大嶽秀夫著『日本政治研究事始め 大嶽秀夫オーラル・ヒストリー』(2021年、ナカニシヤ出版)を読みました。「岡義達先生の政治学を分析する」で取り上げた、澤井勇海さんの論文で、「大嶽先生が岡先生の弟子であり、跡継ぎと目されながらそうならなかった」と書かれていたので、興味を持ちました。

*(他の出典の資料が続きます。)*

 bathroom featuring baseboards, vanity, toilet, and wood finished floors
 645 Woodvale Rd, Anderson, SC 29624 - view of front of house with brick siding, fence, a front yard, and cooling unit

大嶽秀夫先生の著作は、若い頃読んだことがあり、感銘を受けました。当時珍しかった現代の日本政治の実証分析を行うこと、そして切れ味鋭いことです。『現代日本の政治権力経済権力』(1979年)『アデナウアーと吉田茂』(1986年)『自由主義的改革の時代』(1994年)などです。政治学専門誌『レヴァイアサン』創設者の一人としても。

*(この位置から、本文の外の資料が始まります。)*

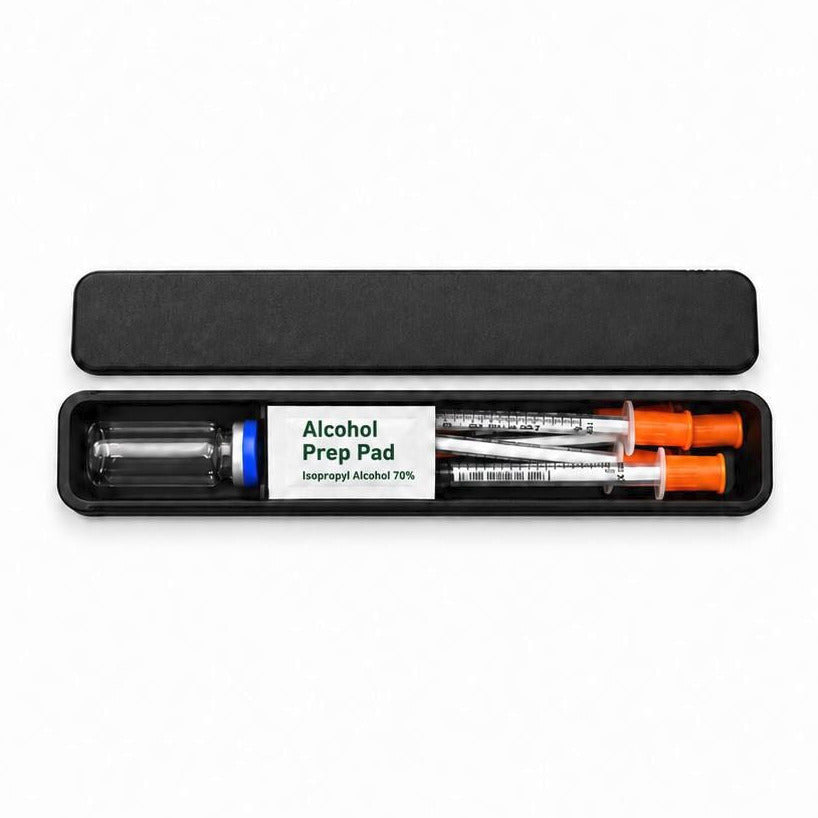 Open black slim TRT travel case on white, with its slide-off lid above, a blue-capped vial, an Alcohol Prep Pad packet and orange-capped syringes. Demonstration supplies are not included.
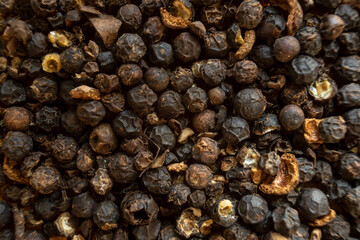 Fullscreen macro closeup with shallow depth of field of unmilled black peppercorns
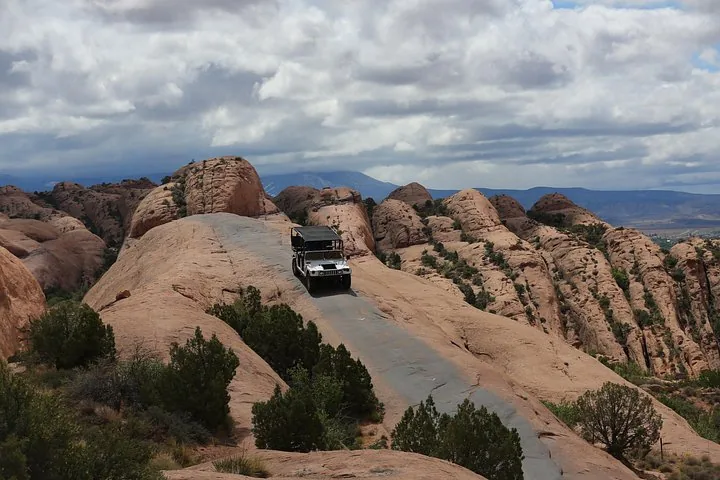 Ein Offroad-Fahrzeug erklimmt bei bewölktem Himmel eine steile, enge Felsformation.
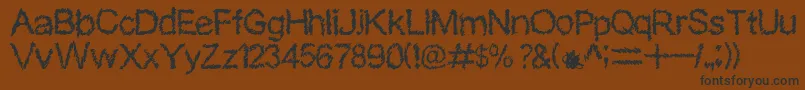 SkriblerRegular Font – Black Fonts on Brown Background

本書は、大嶽先生の学問の軌跡とともに、日本政治学の歩みと政治学界の内情を語ったものです。お弟子さんによる聞き書きで、かつよく整理されているので、読みやすいです。著名な学者である先生も、いろいろ悩むことがあったのですね。
大嶽先生と指導教官や先輩学者との関係は詳しく述べられているのですが、大嶽先生とお弟子さんとの関係は詳しく語られていないのが残念です。この本の性格上、それは無理ですね。

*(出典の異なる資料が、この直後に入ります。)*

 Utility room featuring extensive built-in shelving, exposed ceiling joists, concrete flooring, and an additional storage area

先生の業績の一つに、現代日本の政治を実証的に分析したことが挙げられます。私が大学生の頃までは、日本の政治学は現代日本政治分析よりも欧米の政治学の輸入か欧米の政治を扱い、日本を扱う場合は政治史が多かったのです。チャーチルは扱うが吉田茂は扱わない。それが変わった頃でした。日本の現代政治を扱う場合も、実証分析は少なかったと思います。
政治学もまた「配電盤」(司馬遼太郎さんの言葉。欧米の知識と技術を輸入し国内に普及させる役割)でした。